In the Triad and Triangle, Dennis Quaintance, who owns the Green Valley Grill and two Lucky 32 restaurants, has established a similar reputation for offering the freshest ingredients available to his chefs while helping keep a host of local farmers in business growing produce and making cheese. Kindred spirits separated by 3,000 miles, it's only natural that Niman and Quaintance would meet, as they did several years ago, and do business together. Quaintance is Niman Ranch's only customer in the Triad, offering pork dishes and now beef. "We are very careful who we sell to," says Niman, who was in Greensboro last week to meet with the chefs and wait staff of Quaintance-Weaver (Q-W) restaurants.

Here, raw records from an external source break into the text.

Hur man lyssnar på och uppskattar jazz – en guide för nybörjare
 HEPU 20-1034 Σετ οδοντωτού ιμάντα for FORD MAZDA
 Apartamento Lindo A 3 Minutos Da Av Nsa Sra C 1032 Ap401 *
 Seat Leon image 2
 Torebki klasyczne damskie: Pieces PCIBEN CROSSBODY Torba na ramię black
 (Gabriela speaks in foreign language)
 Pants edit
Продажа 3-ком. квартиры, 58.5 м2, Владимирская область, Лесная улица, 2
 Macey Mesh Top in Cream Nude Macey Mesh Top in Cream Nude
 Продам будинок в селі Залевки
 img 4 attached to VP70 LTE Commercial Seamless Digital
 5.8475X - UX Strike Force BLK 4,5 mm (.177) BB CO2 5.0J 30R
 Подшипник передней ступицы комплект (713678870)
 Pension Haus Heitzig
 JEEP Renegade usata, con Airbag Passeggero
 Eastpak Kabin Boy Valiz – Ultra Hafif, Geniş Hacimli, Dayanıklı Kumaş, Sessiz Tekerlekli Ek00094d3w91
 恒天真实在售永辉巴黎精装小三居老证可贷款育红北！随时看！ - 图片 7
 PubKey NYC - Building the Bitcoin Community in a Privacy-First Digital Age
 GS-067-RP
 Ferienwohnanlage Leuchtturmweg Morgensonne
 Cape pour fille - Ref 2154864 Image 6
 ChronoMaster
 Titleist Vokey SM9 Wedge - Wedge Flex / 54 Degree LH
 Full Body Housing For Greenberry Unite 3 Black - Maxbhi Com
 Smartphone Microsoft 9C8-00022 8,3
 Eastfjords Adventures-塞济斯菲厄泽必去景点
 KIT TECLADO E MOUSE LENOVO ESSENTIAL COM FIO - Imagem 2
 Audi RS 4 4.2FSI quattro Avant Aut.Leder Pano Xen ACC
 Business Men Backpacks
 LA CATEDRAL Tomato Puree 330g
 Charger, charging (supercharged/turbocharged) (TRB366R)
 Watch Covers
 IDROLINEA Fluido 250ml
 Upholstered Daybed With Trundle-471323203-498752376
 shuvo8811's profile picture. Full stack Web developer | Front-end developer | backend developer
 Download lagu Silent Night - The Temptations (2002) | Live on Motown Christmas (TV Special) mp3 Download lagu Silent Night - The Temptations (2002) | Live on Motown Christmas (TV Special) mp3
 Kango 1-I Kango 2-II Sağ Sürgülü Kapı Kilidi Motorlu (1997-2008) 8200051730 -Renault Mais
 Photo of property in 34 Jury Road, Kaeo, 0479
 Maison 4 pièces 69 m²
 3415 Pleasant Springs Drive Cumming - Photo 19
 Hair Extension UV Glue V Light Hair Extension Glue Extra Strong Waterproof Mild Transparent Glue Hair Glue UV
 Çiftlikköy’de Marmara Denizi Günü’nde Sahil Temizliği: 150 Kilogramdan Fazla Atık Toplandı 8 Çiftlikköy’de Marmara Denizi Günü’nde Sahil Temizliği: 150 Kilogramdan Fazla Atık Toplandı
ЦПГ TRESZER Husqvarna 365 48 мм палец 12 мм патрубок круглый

The affable Niman, who started his business in 1972, conducted training sessions on the nuances of Niman Ranch meats, which come from grain- and grass-fed livestock raised naturally on small farms. Antibiotics or growth hormones are never used. San Francisco-based Niman Ranch is in partnership with more than 500 family farms across the country, 30 of which are in North Carolina. Bart Ortiz, a Q-W vice president who oversees the restaurants, says Niman Ranch meats cost significantly more than meats from large, wholesale suppliers. So does buying local produce. "It's a huge risk; you can't pass along all the extra costs," Ortiz says. "If we did, we'd be sitting in an empty restaurant." Instead, Ortiz and Quaintance are betting on freshness and taste, and the "green sensibilities" of their customers, to keep their restaurants busy. The goal is for volume to offset higher costs.
Thus far, the bet is paying off, and not just for Q-W restaurants. Triad produce farmers, who sell in bulk to the restaurants, and North Carolina livestock farmers, who sell through Niman Ranch, are also the beneficiaries.